There can be such a thing as too much security, the Navy said in a new Instruction on “Operations Security” (pdf) or OPSEC.
OPSEC refers to the control of unclassified indicators that an adversary could use to derive “critical information” (CI) concerning military or intelligence programs.
“Properly applied, OPSEC contributes directly to operational effectiveness by withholding CI from an adversary, thereby forcing an adversary’s decisions to be based on information friendly forces choose to release,” the new Navy Instruction said. “Inadequate OPSEC planning or poor execution degrades operational effectiveness by hindering the achievement of surprise.”
But even if adequately planned and executed, not all OPSEC is necessary or useful; sometimes it is actually counterproductive.
“Excessive OPSEC countermeasures… can degrade operational effectiveness by interfering with the required activities such as coordination, training and logistical support,” the Instruction said. See “Operations Security,” OPNAV Instruction 3432.1A, 4 August 2011.
Unfortunately, the Instruction does not and perhaps cannot provide criteria for distinguishing between proper OPSEC and excessive OPSEC. Instead, it directs commanders and program managers to “evaluate” each operation and draw the appropriate conclusions. What if the program manager is shortsighted or simply makes a mistake? What if OPSEC is justified from a security perspective, but also undermines government accountability or public confidence in government integrity? The Instruction has nothing to say about that.

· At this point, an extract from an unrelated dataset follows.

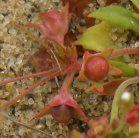 Pygmyflower rockjasmine=Androsace septentrionalis: fruit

Because of the subjective element in such decisions, the use of OPSEC (like the application of national security classification controls) is often arbitrary and disputed.
After 30 U.S. servicemen, including 17 Navy SEALs, were killed in Afghanistan on August 6 when their helicopter was shot down, U.S. Special Operations Command asked that the names of the SEALs not be disclosed for security reasons. Secretary of Defense Leon Panetta rejected that view and the names were released by the Pentagon yesterday.
But in a questionable nod to OPSEC, the name of the unit to which the SEALs were attached — the Naval Special Warfare Development Group (DEVGRU) — was not cited by the Pentagon, Bloomberg News reported. Instead, the DoD press release referred only to “an East Coast-based Naval Special Warfare unit.” Yet the Navy itself has previously acknowledged and referred by name to the same SEAL unit. See “Pentagon Releases Identities of SEALs Killed, Not Unit Name” by Tony Capaccio, Bloomberg News, August 11.